Auf den zweiten Blick schon. Es geht um Freiwilligkeit, um die Verantwortung des Einzelnen und um weniger Staat. Zumindest für die 2000 Probanden fällt der personalaufwendige Kontrollapparat des Arbeitsamtes weg. Die Bürgerlohnempfänger müssen nicht mehr zum Arbeitsamt. Finnen sollen durch das Grundeinkommen auch eher bereit sein, im Niedriglohnsektor zu arbeiten. Die Schwarzarbeit Arbeitsloser würde wegfallen. Im homogenen Finnland herrscht zudem eine hohe Arbeitsethik. Die meisten Bürger wollen arbeiten, weil es ihnen Sinn, Status und etwas mehr Kaufkraft einbringt, so die Ansicht der Regierung.
Ein nicht stigmatisiertes Grundeinkommen könnte auch ärmeren Bürgern die Möglichkeit geben, Risken einzugehen – etwa einen sicheren, aber schlecht bezahlten Job aufzugeben, um sich zugunsten eines anderen Berufs weiterzubilden oder mit einer Geschäftsidee selbstständig zu werden. So könnten sich die Arbeitskräfte besser auf dem Arbeitsmarkt verteilen und die Innovationskraft würde gestärkt, lautet ein Argument.
Mehrheit der Finnen ist dafür
Zudem ist in Finnland die Links-rechts-Schere weniger ausgeprägt als andernorts. Es gehe vor allem darum, wissenschaftlich genaue Erkenntnisse über die Auswirkungen des Mitbürgergehaltes zu ermitteln, heißt es denn auch nüchtern aus Helsinki. Sollte das Experiment gelingen, wird Helsinki eine Ausweitung erwägen. Laut Umfrage wollen auch 70 Prozent der Finnen die Einführung eines Grundeinkommens für alle Bürger.

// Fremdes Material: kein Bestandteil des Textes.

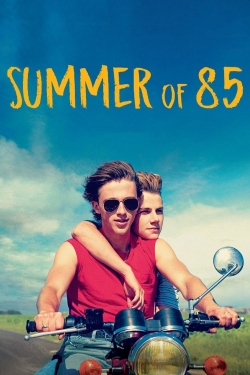 watch Summer of 85 Movie online free in hd on Red Stitch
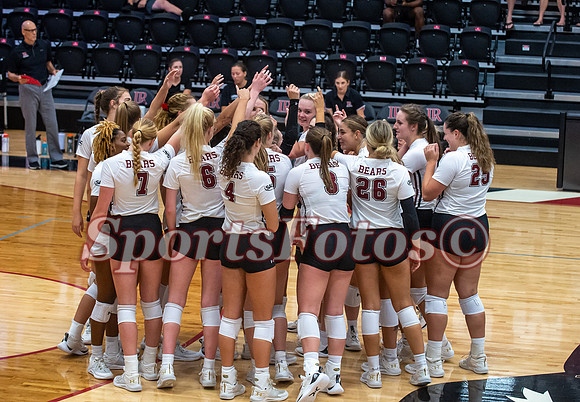 LR23 VB1 vs Valdosta St-109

Sipiläs rechtsliberale Zentrumspartei hat seit Jahrzehnten die Einführung eines Grundeinkommens im Programm. Die Volksrentenanstalt Kela hatte der Regierung 2016 mehrere Szenarien angeboten. Eigentlich hatten die Kela-Experten gehofft, eine größere Gruppe mit einem deutlich höheren Grundeinkommen testen zu können. „Zum einen wollen wir in einem Ort mit mindestens 10.000 Einwohnern das Mitbürgereinkommen einführen. Zum anderen wollen wir aus der rund 5,5 Millionen Einwohner zählenden Bevölkerung Finnlands 10.000 Personen im arbeitsfähigen Alter zufällig auswählen und mit einer Kontrollgruppe vergleichen, die kein Grundeinkommen erhält“, sagte der mit der Ausgestaltung des Experiments beauftragte Forschungschef der Volksrentenanstalt, Olli Kangas.
Ein Grundprinzip des bedingungslosen Mitbürgerlohns wird nun in der abgespeckten Form weggelassen. Denn eigentlich sollten ihn auch jene erhalten, die nicht arbeitslos sind. Doch das wäre deutlich teurer geworden. Dennoch dürfte das Testergebnis interessant werden. Denn tatsächlich gibt es bislang zwar viel ideologisches Wunschdenken, aber kaum wissenschaftlich gesicherte Erkenntnisse darüber, wie sich Individuen im Arbeitsmarkt verhalten, wenn ihnen ein bedingungsloses Einkommen ausgezahlt wird.